Abstract

ABSTRACT Deeply informed by the work of Artemisia Gentileschi, Hawthorne wrestles with narratives of female vengeance found in canonical and deuterocanonical sources as he moves from his earlier romances to his final published oeuvre, The Marble Faun. His allusions to biblical women seeking retribution in The Blithedale Romance are magnified when he moves from transcendental New England to Catholic Italy. In the Book of Judith and the Book of Judges, female figures of holy vengeance wield weapons of righteous anger to redress the repeated violations they are forced to endure.
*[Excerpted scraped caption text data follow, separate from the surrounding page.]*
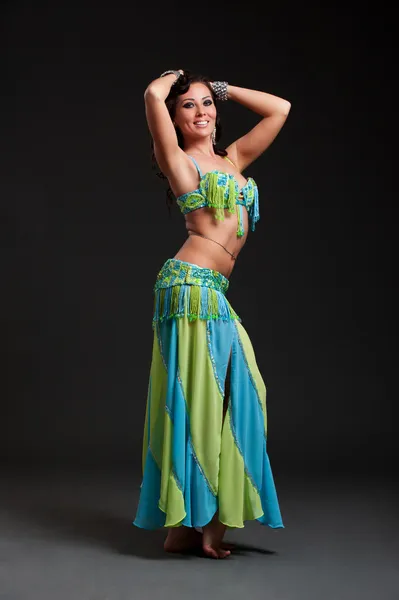 Όμορφη ανατολίτικο χορεύτρια — Φωτογραφία Αρχείου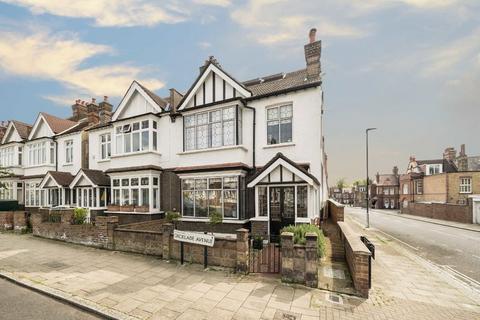 undefined, Cricklade Avenue, London SW2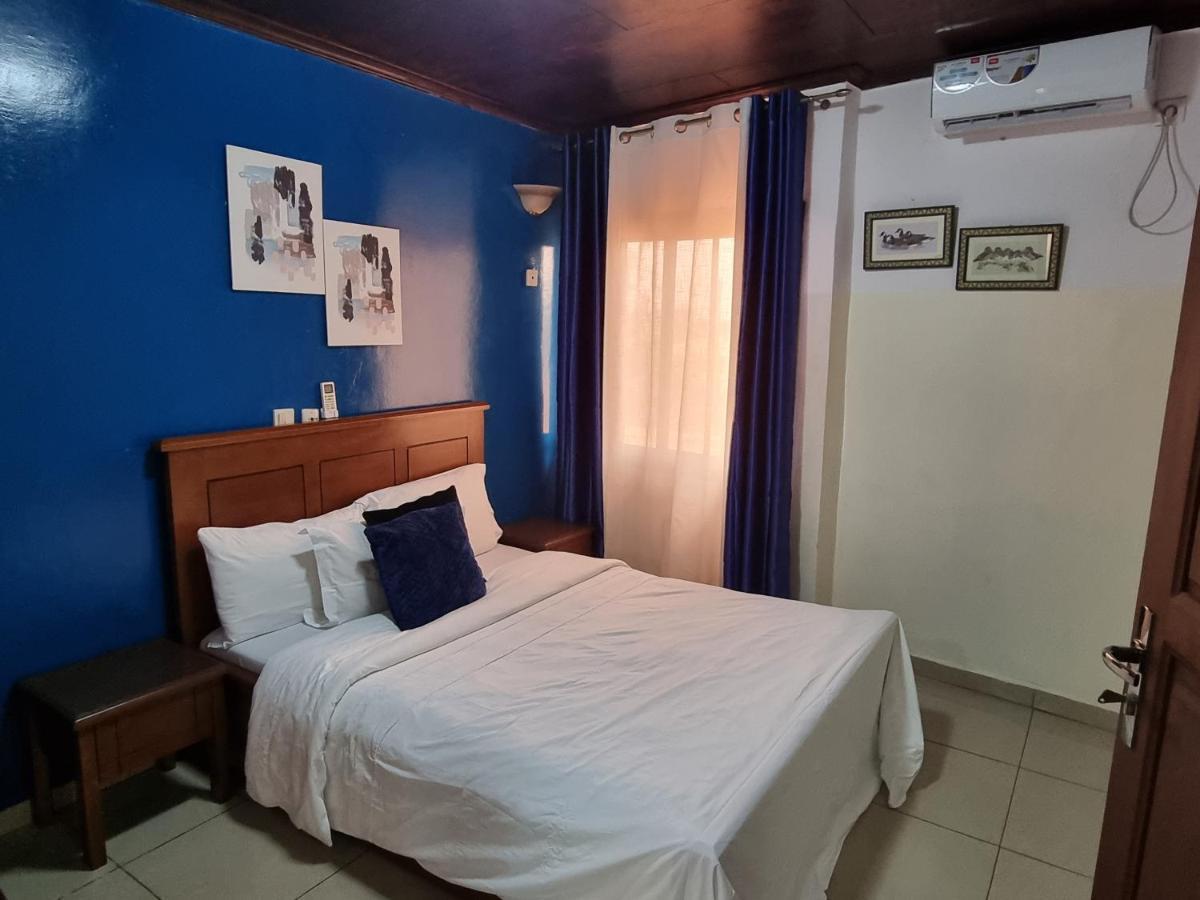 Appart Hotel Mireille Yaoundé Esterno foto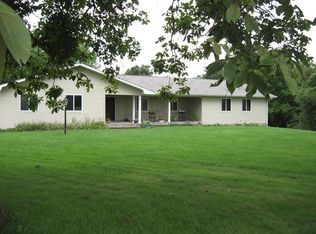 8743 Sycamore Rd, Danville, IA 52623
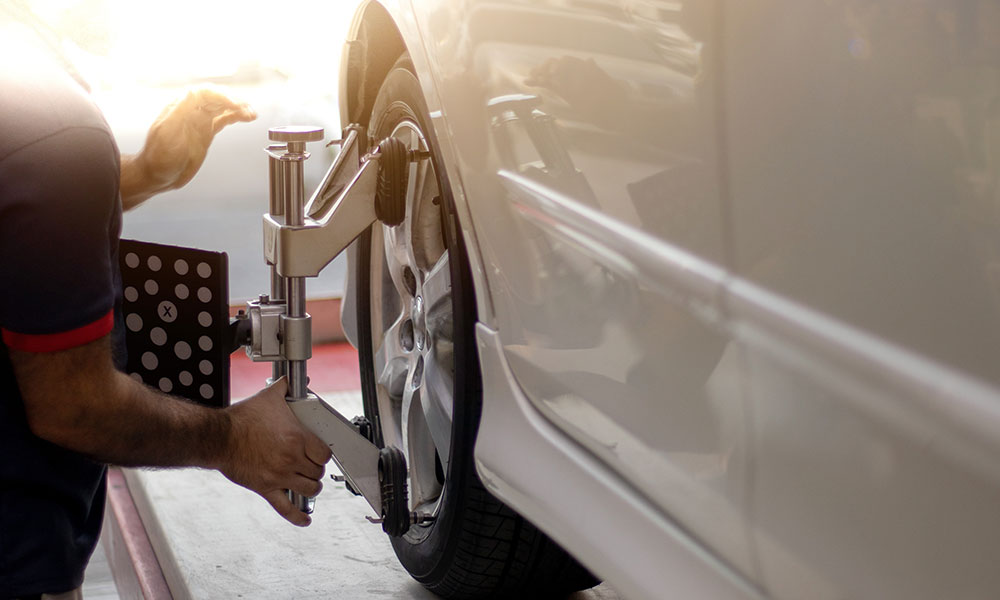 shutterstock_2435390453_wheel-alignment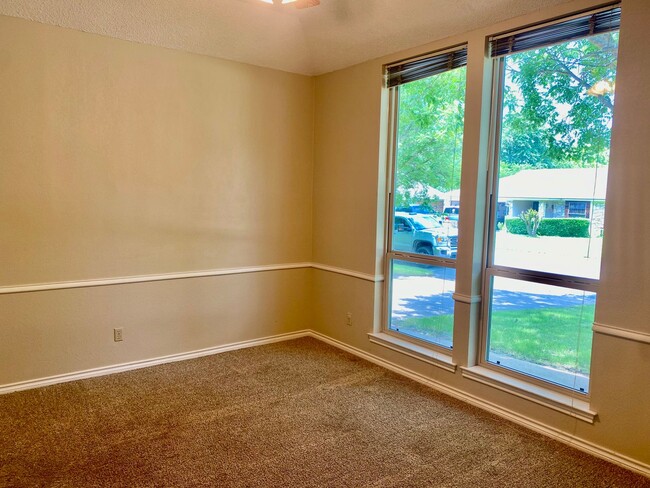 Building Photo - Lovely Home in Downtown Granbury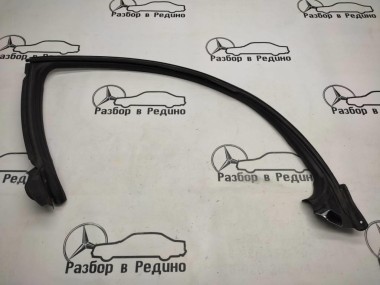 Уплотнитель стекла двери MERCEDES-BENZ CLS-класс C219 (2004 - 2008) — Разборка Мерседес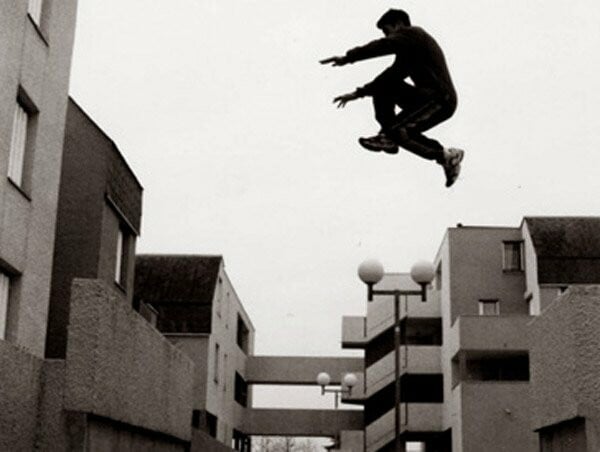 Έπεσε από ύψος 8 μέτρων κάνοντας parkour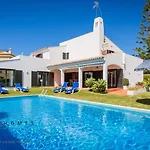 Greice Homes-650 Meters From The Beach, 4 Bedrooms For Holidays In Vilamoura-quarteira *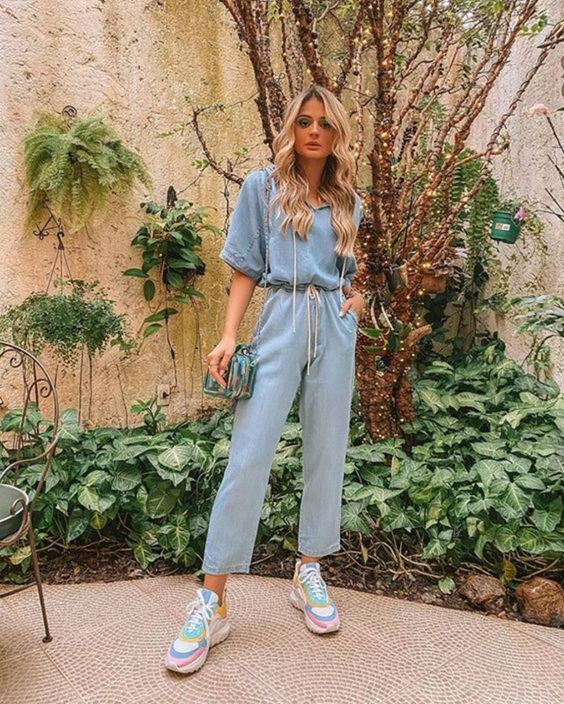 How To Wear A Jumpsuit With Sneakers 2023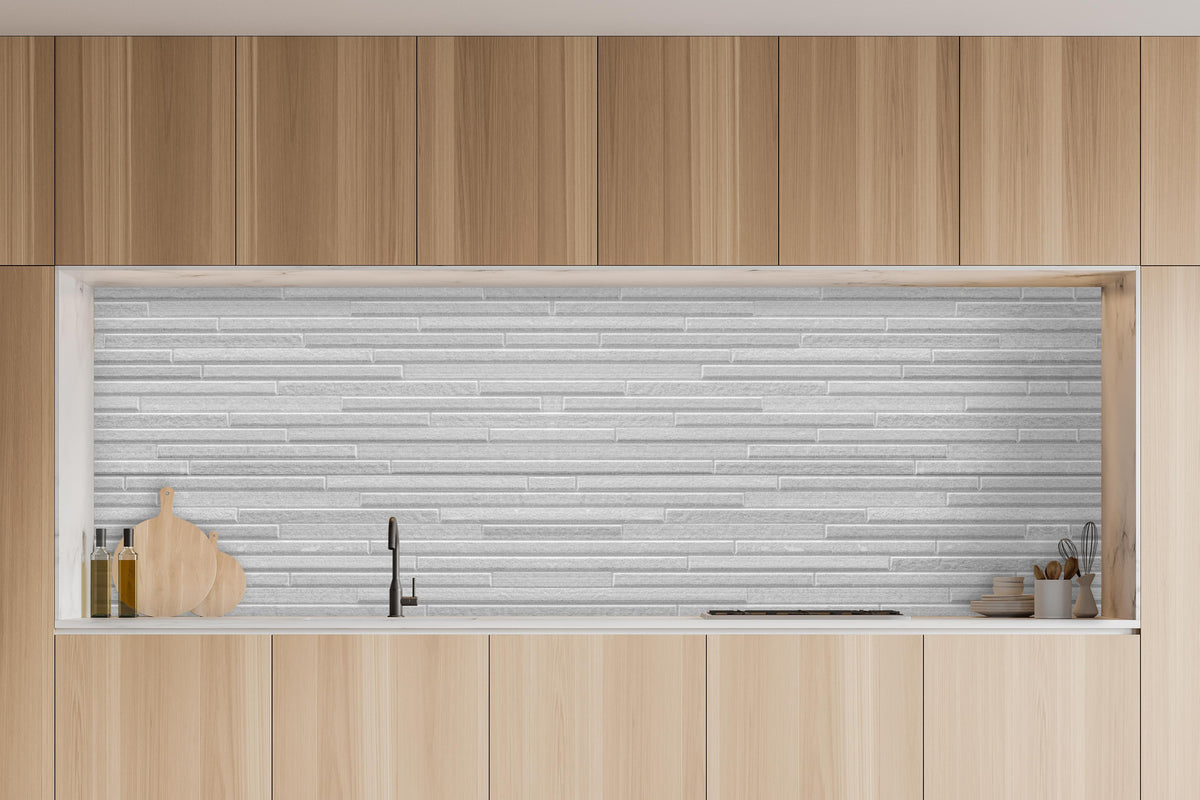 Küche - Konstruktion der modernen weißen Steinwand in charakteristischer Vollholz-Küche mit modernem Gasherd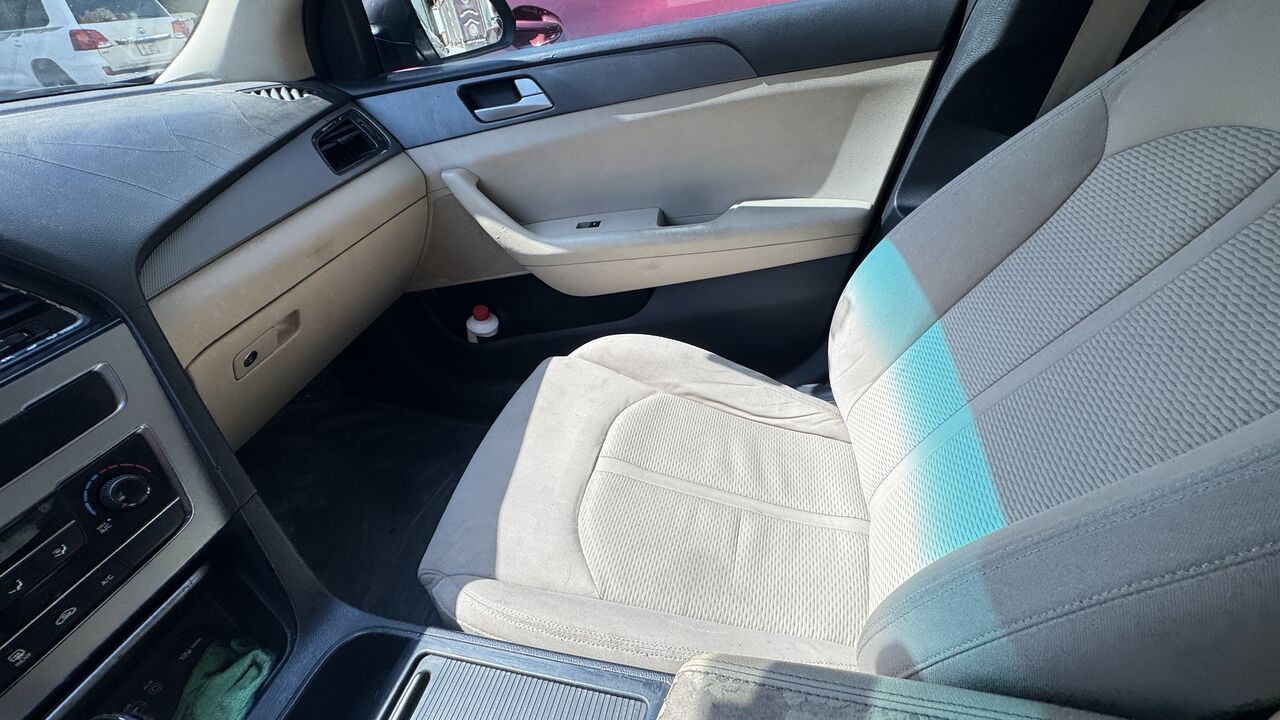 Dammam, Vehicles, Cars & Trucks , SAR 250000,  Hyundai Sonata,  2016,  Automatic,  300000 KM,  Standard, 4 Cylinder, 2.0 Engine.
When Hawthorne encounters these figures painted on canvas in the Uffizi, he reconsiders the art of recrimination for women who have been wronged by men who have political, religious, or artistic power. The aesthetic restraint of Gentileschi inspires an even more audacious approach from Hawthorne in The Marble Faun. Where Artemisia works to contain her retaliation within the canvas, the figure of Miriam rejects such boundaries, insisting instead on holy vengeance outside the studio. Painted treatments of revenge spill into real-life acts of bloody retribution. Hawthorne then insists on one more radical shift, from parricide to piety, taking the hands of death in Judith, Jael, and the works of Gentileschi and transforming them into the hands of life. In the figure of Miriam, Hawthorne converts the fatal vengeance of violated women into the wellspring of their spiritual possibility.